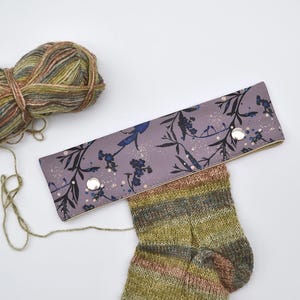 Purple Floral DPN Holder, DPN Cozy, Double Pointed Needle Holder, Gifts For Knitters, DPN Needle Holder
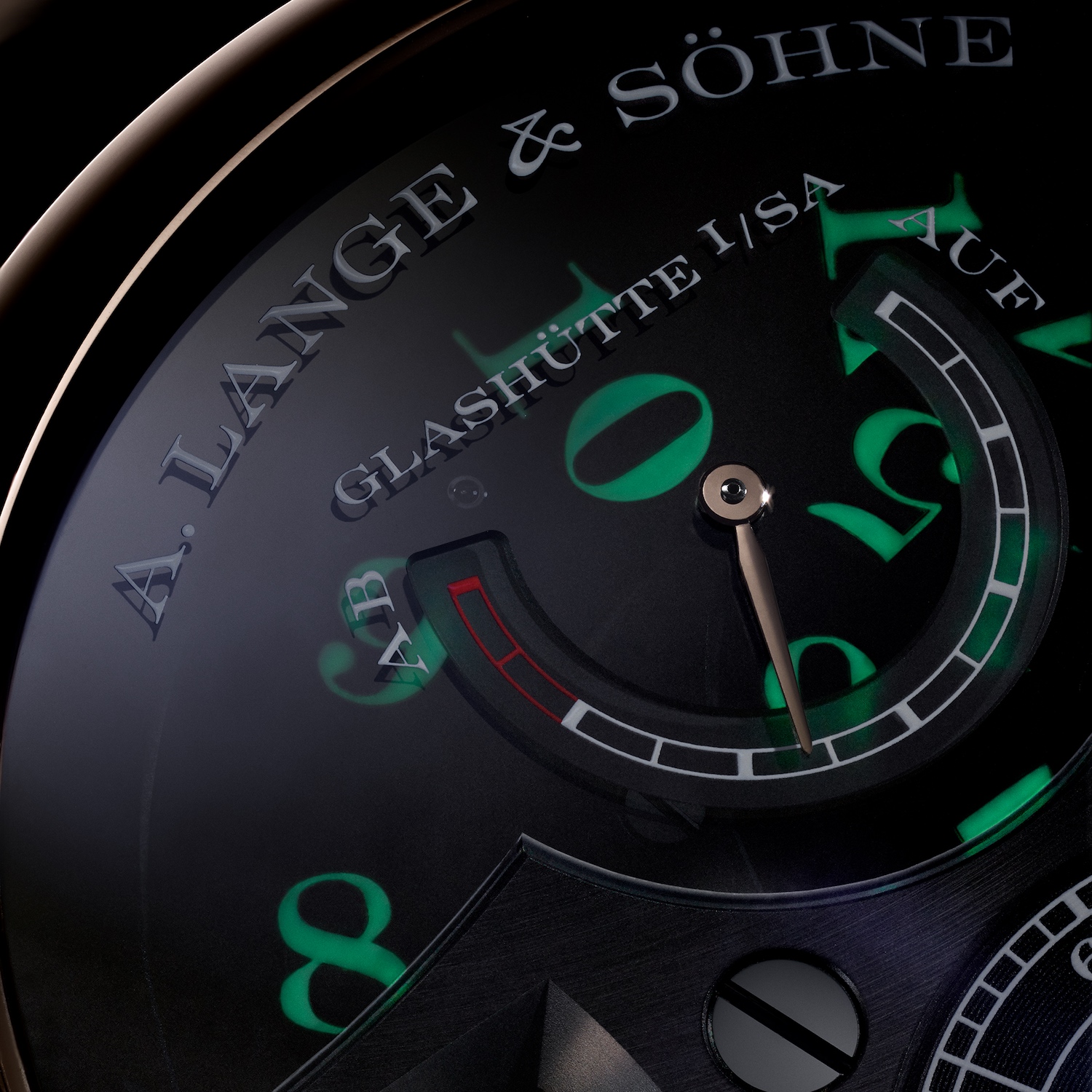 A. Lange & Söhne Zeitwerk Honeygold 'Lumen’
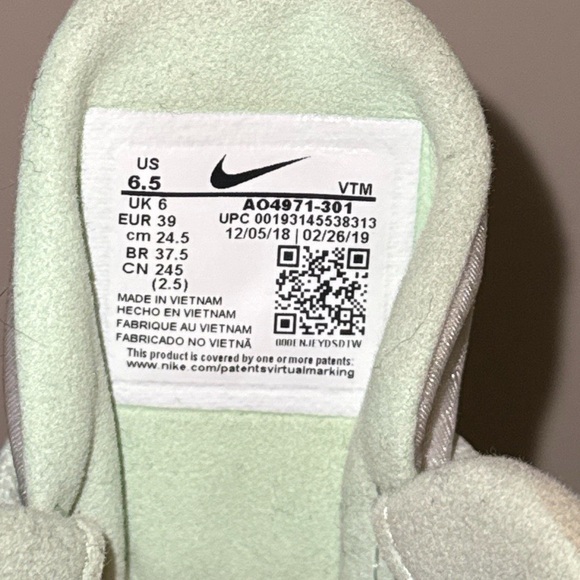 Nike Air Max 270 React Hyper Jade Running Men's Shoes Size 6.5 AO4971-301 - Picture 4 of 8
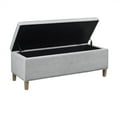 thumbnail image 4 of MARTHA STEWART Rectangular Storage Bench with Light Grey Finish MT105-0156, 4 of 5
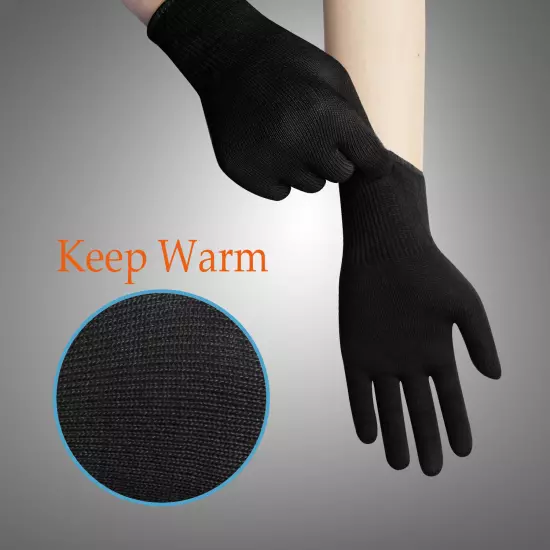 EvridWear Men Women Merino Wool Knit Liner Gloves Finger/Fingerless/Touchscreen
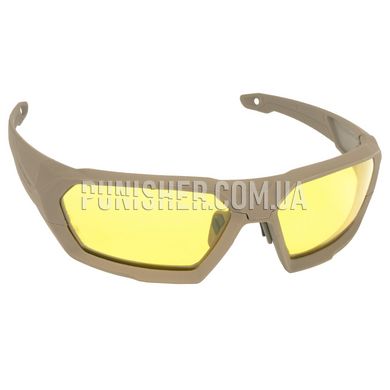 Комплект балістичних окулярів Revision ShadowStrike Deluxe з жовтою лінзою, Tan, Прозорий, Димчастий, Жовтий, Окуляри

§ Exercise:
Set down every entry above exactly as written. Leave out all pictures.

§ Output:
 Purple Floral DPN Holder, DPN Cozy, Double Pointed Needle Holder, Gifts For Knitters, DPN Needle Holder
 A. Lange & Söhne Zeitwerk Honeygold 'Lumen’
 Nike Air Max 270 React Hyper Jade Running Men's Shoes Size 6.5 AO4971-301 - Picture 4 of 8
 thumbnail image 4 of MARTHA STEWART Rectangular Storage Bench with Light Grey Finish MT105-0156, 4 of 5
 EvridWear Men Women Merino Wool Knit Liner Gloves Finger/Fingerless/Touchscreen
 Комплект балістичних окулярів Revision ShadowStrike Deluxe з жовтою лінзою, Tan, Прозорий, Димчастий, Жовтий, Окуляри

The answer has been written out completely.